再び会う約束をする2人/まさかの逃亡する安珍/怒りのあまり鬼化する清姫 「安珍清姫物語絵巻(江戸時代後期 作者不明)」より

安珍は紀州の道成寺へと逃げ込み、そこにあった釣鐘の中に隠れる。だが、蛇身となった清姫は見破り、釣鐘に巻きつき、炎を吐いて鐘もろとも安珍を焼き殺してしまう。

「蛇になった清姫は、自分のその醜い姿を見て、あるいは大好きな人を殺してしまったという後悔の念から日高川に身を投げて死んでしまった。これが第1部のストーリーで、釣鐘も安珍さんも清姫さんもなくなってしまうんです」

鐘の中に隠れる安珍/焼き殺す蛇身となった清姫/鐘の中で骨となった安珍 「安珍清姫物語絵巻(室町時代後期 伝・土佐光信作)」より

それにしても、女の執念はすごい。将来の約束を反故にされたからとはいえ、少々過激ではないか。

「じつは、絵巻物を見ると、のっけからいきなりお布団の中で仲良くしてますから。大人の方でしたら何があったかは分かるわけなんですね。ただ泊まったわけじゃなくて、安珍さんも、まあ手を出している。そこで嘘をつくわけですから。それは蛇となって追うわけですね。ただ単に片思いとか、懸想してるわけではないんですね」

絵巻物の冒頭部分にある安珍と清姫の描写 「安珍清姫物語絵巻(江戸時代後期 作者不明)」より

隠された大人の事情というワケか。

「歌舞伎の道成寺をご覧になられると、最初に『所化(しょけ、修行中の僧)』が出てきて、お坊さんを揶揄するようなやり取りがあるんですよ。若いお坊さんに大体掛け合いさせて、その時の時事ネタを入れたりとか。欲まみれのお坊さんが最初にたっぷりと演じられるわけなんですが、それはここに起因してるわけですね」

この第1部の話はこれで終わるのが一般的だ。だが、妙満寺に伝わる話は、結末が少し違う。この後、まさかの続きがあるというのだ。

「2人とも死んでしまいますね。で、その日の夜、住職の枕元に蛇が2匹現れるんです」

安珍と清姫の化身ではないか。そんな考えから、次の日、2人のために法華経の供養が執り行われるのである。すると、その日の夜、住職の枕元に、今度は天人に生まれ変わった2人が現れるのだとか。

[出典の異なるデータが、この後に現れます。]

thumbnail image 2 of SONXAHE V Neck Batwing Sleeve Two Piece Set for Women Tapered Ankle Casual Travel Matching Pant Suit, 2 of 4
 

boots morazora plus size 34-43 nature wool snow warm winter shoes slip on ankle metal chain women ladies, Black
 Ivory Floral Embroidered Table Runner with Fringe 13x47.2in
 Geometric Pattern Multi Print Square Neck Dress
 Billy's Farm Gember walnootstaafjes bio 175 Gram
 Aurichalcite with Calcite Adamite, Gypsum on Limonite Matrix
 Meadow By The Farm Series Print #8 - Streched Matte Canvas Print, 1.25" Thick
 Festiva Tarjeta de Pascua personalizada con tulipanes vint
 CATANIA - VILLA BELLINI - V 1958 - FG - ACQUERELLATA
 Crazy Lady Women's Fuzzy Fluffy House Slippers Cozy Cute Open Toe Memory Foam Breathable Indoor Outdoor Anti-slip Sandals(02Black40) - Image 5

枕元に現れる2匹の蛇/天人に変わる驚きの結末 「安珍清姫物語絵巻(室町時代後期 伝・土佐光信作)」より

「生前、大変なことになったけども、法華経で供養したらみんな成仏できますよと。『法華験記(ほっけげんき)』という古い書物が元になってるお話なんですね。南無妙法蓮華経の教力がどれだけ素晴らしいかというのを集めた説話集で、じつは安珍と清姫の物語はハッピーエンドなんですよ」

「娘道成寺」の元となった2代目釣鐘

「それから400年ぐらい経って、2代目の釣鐘を作るんです」と湯原氏。

ここからが第2部となる。
あの凄惨な事件から約400年後。道成寺では何度も釣鐘の再鋳を試みるも、成功しない日々が続いていた。清姫の怨念か、はたまた安珍の無念か。

正平14(1359)年。
ようやく道成寺の2代目釣鐘が完成する。
過ぎ去りし時が彼らの因縁を解決したようにも思われた。そんな折、2代目釣鐘をめでたく披露する鐘供養が盛大に営まれるのである。第2部はその祝儀の席での話だ。

「花子(はなこ)という白拍子(しらびょうし、平安末に起こった歌舞の一種およびそれを演ずる遊女)が現れて、私に一舞い踊らせてくれと頼むんです」

またしても、僧侶は白拍子の美しさに負けて、祝儀の席へと入れてしまう。

「じつは、この白拍子の正体は清姫さんの化身でして。また蛇になって釣鐘を引きずり下ろして、釣鐘の中にいなくなる。その2代目の釣鐘にまつわるお話が、いわゆる『道成寺モノ』と言われる古典芸能の元になったんです」

「国貞に学ぶ きよ姫」伊藤正男(2013年)妙満寺所蔵

実際に2代目釣鐘を見せて頂いた。
本堂の右奥に安置された2代目釣鐘。禍々しい雰囲気は全くないが、一瞬だけぞくりと背中にきた。

妙満寺本堂に安置されている道成寺の2代目釣鐘

思っていたよりも小さい。
男性1人が入って隠れたというのだから、正直、もっと大きい鐘を想像していた。だが、実際の寸法は高さ約105㎝、直径約63㎝。かなりコンパクトな印象だ。重さは約250㎏で、湯原氏曰く、天秤棒で担げば大人6人で余裕で動くという。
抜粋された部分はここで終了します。